Netanyahu and Palestinian president Mahmoud Abbas are both set to meet US Secretary of State John Kerry this week in another attempt to pull the region back from the precipice.

Any attempt to quell the current anger should start with Jerusalem, where it began. Netanyahu has turned down a French plan to place international observers there, saying “Israel is not the problem on the Temple Mount; it’s the solution. We maintain the status quo.”

As frustration extends far beyond what’s happening in the Old City, some commentators have suggested taking the French plan further and placing international peacekeepers throughout East Jerusalem. Others have floated the idea of installing Palestinian Authority security units in the area. Netanyahu is unlikely to accept any of this.

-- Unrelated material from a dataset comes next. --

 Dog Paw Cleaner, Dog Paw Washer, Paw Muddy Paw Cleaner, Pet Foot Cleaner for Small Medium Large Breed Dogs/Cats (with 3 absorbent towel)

Jerusalem, its borders, and who will control its holy sites have always been “final status issues” in Israeli-Palestinian negotiations, extra prickly topics left to the end of any deal. But, this time around, politicians will have to take on Jerusalem first, at least in part, if they want to restore calm. It will take cooperation, perhaps a bit of coexistence.

But even if this bout of violence subsides soon, the conflict will be back before long. Big problems require big solutions. In short: I don’t really have the answer to the Israeli-Palestinian crisis, I just know it isn’t hummus.